WHAT YOU HAVE TO DO – Please report how many lines of the following entries hold the word "Germany", giving the number alone.

DATA EXTRACT –

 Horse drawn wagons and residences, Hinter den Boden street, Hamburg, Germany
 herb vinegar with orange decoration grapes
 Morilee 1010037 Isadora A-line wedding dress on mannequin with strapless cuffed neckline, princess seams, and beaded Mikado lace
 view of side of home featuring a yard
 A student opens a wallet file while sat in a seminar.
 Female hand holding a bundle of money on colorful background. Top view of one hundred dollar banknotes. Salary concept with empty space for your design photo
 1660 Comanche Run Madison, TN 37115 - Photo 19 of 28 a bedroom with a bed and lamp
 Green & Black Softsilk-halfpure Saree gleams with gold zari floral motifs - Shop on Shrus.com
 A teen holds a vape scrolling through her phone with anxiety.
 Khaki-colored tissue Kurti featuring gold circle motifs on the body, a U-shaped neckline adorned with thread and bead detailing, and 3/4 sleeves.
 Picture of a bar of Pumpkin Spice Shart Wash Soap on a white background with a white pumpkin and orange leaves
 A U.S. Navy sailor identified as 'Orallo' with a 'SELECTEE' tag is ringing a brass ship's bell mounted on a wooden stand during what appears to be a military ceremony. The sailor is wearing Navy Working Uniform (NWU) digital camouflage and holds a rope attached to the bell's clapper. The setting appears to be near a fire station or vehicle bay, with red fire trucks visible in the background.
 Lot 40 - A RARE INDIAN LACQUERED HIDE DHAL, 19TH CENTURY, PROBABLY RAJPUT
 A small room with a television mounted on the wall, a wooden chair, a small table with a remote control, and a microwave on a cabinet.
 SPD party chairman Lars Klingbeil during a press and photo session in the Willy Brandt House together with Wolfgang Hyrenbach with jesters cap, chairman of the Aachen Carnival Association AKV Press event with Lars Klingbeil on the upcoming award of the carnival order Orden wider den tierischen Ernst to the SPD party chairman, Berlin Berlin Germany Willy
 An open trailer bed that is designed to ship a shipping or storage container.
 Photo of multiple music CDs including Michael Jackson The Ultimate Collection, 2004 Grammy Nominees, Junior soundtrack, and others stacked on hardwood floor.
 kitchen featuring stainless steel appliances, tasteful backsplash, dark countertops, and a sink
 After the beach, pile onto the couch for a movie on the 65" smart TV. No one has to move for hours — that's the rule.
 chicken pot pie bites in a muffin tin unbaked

RESPONSE FOR THIS EXERCISE – 2